Education Secretary to target job-sizing and funding to create leadership culture
THE EDUCATION secretary is prepared to tackle job-sizing and promotion structures to remove barriers to teachers applying for leadership posts in schools.
Fiona Hyslop, the Cabinet Secretary for Education and Lifelong Learning told a leadership conference in Edinburgh last week that if there are "issues like job-sizing, functions and structures, they can be dealt with". However, the key problem to be tackled was the climate in schools, she told the annual conference of Scottish Educational Leadership Management and Administration Society.
She plans to publish a document by the end of the year on Scotland's educational leadership agenda where schools and authorities are, where they should aim to be, and how to move there.
Support for her plans to improve educational leadership came from an unexpected quarter Ewan Aitken, former Labour leader of Edinburgh City Council and the former education convener of Cosla.
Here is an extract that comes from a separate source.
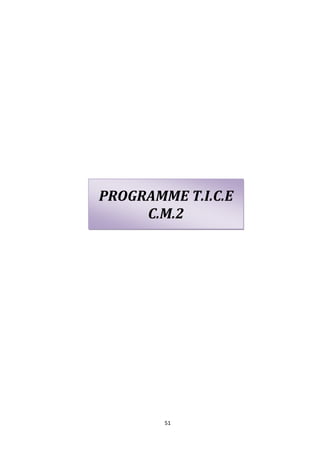 PROGRAMME T.I.C.E
     C.M.2




        51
He told the conference that leadership in education was too important for party politics.
"In the spirit of consensus politics, if Fiona Hyslop is prepared to really focus on the leadership agenda and pathways to build leadership capacity in all staff, I will do everything I can to support her privately, publicly and politically to make that happen."
But she would have to rise to the challenge and "do the task", he warned. "If we can together make this work, it may be an opportunity for us to lead in more than just changing the face of education, but changing the face of political decision-making in our nation," he said.
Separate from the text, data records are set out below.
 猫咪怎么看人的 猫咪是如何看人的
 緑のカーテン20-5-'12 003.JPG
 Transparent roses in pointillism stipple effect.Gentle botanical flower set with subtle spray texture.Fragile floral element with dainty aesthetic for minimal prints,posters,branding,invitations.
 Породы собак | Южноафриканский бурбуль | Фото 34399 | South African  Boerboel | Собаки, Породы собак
Mrs Hyslop said the Scottish Government also planned to "liberate headteachers" from local government bureaucracy and remove much of the current ring-fencing of local government funding.
The SNP planned to put in place "outcome agreements" instead of the previous Labour-Liberal Democrat Scottish Executive's "micro-management" approach.
"A lot of what we are expecting from local government will be in early intervention and education," she said. "But we want to take off the shackles and agree with Cosla an overall funding package and then let local government get on."
As she surveyed an audience of headteachers and education authority officers, she told them bluntly that it was time to look for alternative styles of leadership.
"The leaders of tomorrow will not look like the people in this room today. Why do we have so few women in secondary head posts? Why do we have this age issue, with so many heads likely to retire in the next five to 10 years? We need to take a hard look at ourselves. Does leadership in school look like our wider society?" she asked.